Nature Human Behavior recently published an article with the title "Underrepresented minority faculty in the USA face a double standard in promotion and tenure decisions." They also published a comment on it, which said the authors "find double standards negatively applied to scholars of colour, and especially women of colour, even after accounting for scholarly productivity." Science published a piece on the article, titled "Racial bias can taint the academic tenure process—at one particular point." So the study must have found strong evidence, right?
Their key findings involved college-level (e. g., Arts & Sciences, Business, Fine Arts) tenure and promotion committees, where black or Hispanic candidates got more negative votes than White or Asian candidates. I'll look at the probability of getting a unanimous vote of support, where they found the strongest evidence of difference. In a binary logistic regression with several control variables (university, discipline, number of external grants, time in position, whether the decision involves tenure or promotion to full professor), the estimated effect of URM status is -.581 with a standard error of .246. That gives a t-ratio of -2.36 and a p-value of .018. If you prefer odds ratios, it's an estimate of .56 and a 95% confidence interval of .35 to .91. That's reasonably strong evidence by conventional standards.
What about scholarly productivity? They calculated the "h-index," which is based on citation counts,* and standardized it to have a mean of zero and standard deviation of one. If you add it as a variable:
est se t-ratio P
H .375 .129 2.91 .004
URM -.301 .299 1.01 .315
Now the estimated effect of being a member of a URM is nowhere near statistical significance. It is still large (the odds ratio is about .75 and the 95% confidence interval goes as low as .41), so the conclusion shouldn't be that there is little or no discrimination--there's just not enough information in the sample to say much either way.**
But the authors didn't report the previous analysis--I calculated it from the replication data. They gave an analysis including the H-index, URM status, and the interaction (product) of those variables:
est se t-ratio P
H .330 .128 2.59 .010
URM -.041 .337 0.12 .903
H*URM 1.414 .492 2.87 .004
That means that H has a different effect for URM and White or Asian (WA) candidates: for WA, it's .33 and for URM it's .33+1.41=1.74. The URM coefficient gives the estimated effect of URM status at an H-index of zero. At other values, of the H-index, the estimated effect of URM status is -.041+1.08*H. For example, the 10% percentile of the H-index is about -1, so the estimated effect is about -1.12. The 90th percentile of the H-index is about 1, so the estimated effect of URM status is about 1.04. That is, URM faculty with below-average H-indexes are have a lower chance of getting unanimous support compared to WA candidates with the same H-index, but URM faculty with above-average H-indexes have a higher chance. This is a "double standard" in the sense of URM and WA faculty being treated differently, but not in the sense of URM faculty consistently being treated worse.
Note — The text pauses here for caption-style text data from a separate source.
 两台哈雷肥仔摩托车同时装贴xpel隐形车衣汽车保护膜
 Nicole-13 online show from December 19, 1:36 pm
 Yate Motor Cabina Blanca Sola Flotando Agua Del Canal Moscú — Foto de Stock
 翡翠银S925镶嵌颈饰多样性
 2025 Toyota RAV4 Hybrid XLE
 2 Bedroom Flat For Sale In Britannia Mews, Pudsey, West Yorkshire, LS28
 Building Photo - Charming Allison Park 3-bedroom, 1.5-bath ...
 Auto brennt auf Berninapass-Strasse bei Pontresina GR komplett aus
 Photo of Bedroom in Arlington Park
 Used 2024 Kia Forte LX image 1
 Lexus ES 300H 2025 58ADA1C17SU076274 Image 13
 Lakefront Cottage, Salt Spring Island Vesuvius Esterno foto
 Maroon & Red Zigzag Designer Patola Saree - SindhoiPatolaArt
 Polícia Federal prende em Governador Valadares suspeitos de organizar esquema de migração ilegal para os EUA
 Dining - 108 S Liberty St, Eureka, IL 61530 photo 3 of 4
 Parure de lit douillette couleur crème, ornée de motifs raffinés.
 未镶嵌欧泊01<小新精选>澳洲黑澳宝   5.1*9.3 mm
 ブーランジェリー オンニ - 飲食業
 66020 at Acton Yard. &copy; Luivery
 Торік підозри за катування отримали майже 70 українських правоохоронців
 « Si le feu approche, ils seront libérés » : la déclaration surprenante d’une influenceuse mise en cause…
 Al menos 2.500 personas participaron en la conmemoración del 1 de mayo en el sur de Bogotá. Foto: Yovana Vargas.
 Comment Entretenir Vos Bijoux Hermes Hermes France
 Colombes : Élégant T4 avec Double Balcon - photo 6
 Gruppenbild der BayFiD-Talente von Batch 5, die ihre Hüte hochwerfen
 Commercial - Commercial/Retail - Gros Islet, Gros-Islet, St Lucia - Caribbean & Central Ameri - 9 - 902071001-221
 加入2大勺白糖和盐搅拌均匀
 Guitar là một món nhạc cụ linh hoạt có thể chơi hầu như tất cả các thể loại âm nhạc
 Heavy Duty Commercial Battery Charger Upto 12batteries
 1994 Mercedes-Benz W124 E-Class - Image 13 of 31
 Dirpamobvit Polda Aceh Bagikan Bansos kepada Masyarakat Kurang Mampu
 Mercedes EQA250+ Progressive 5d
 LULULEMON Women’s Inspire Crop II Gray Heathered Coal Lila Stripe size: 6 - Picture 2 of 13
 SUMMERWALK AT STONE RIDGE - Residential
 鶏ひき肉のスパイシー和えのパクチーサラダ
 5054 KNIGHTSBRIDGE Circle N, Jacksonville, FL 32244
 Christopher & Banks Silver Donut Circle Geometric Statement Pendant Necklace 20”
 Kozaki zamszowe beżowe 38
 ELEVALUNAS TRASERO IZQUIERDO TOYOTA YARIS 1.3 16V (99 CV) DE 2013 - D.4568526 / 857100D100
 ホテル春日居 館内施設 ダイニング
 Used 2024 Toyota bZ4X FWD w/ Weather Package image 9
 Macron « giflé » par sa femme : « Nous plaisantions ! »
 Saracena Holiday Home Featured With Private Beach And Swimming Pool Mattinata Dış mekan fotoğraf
The authors describe this as "differential treatment in outcomes is present for URM faculty with a below-average H-index but not for those with an average or above-average H-index." They suggest an "intriguing question for future research: do URM faculty with an above average h-index perform better than non-URM faculty with the same h-index?" But the interaction model is symmetrical--what justifies treating the estimate for low h-indexes as a finding and the estimate for higher h-indexes as just an "intriguing possibility"? You could fit a model in which URM faculty are disadvantaged at lower levels of productivity but there is no difference at moderate or high levels of productivity. I've done this, and it fits worse than the standard interaction model, although there's not enough information to make a definitive choice between them.
The result about the interaction between URM status and h-index is interesting, but doesn't support the claim of a general bias against URM faculty. So why is this study being hyped as strong evidence of bias? One obvious factor is that many people believe or want to believe that there is a lot of bias in universities, so they'll seize on anything that seems to support this claim. A second is that people get confused by interaction effects. But I think there's a third contributing factor: Nature and Science come from a tradition of scientific reports: just give your "findings," not a lot of discussion of how you got there and things you tried along the way. Journals in sociology, political science, and economics come from a more literary tradition--leisurely essays in which people developed their ideas or reviewed previous work. This tradition continued even after quantitative research appeared: articles are longer and have more descriptive statistics and more discussion of alternative models. If this paper had been submitted to a sociology journal, I'm pretty sure some reviewer would have insisted that if you're going to have an interaction model, you also have to show the model with only the main effects of H-index and URM. That would have made it clear that the data doesn't provide strong evidence of discrimination. It also might have led to noticing that there's a lot of missing data for the H-index (about 30% of the cases), which is another source of uncertainty.
*The largest number H for which you have H articles with H or more citations in Google Scholar.
**This is not the authors' fault--it's hard to collect this kind of data, and as far as I know they are the first to do so.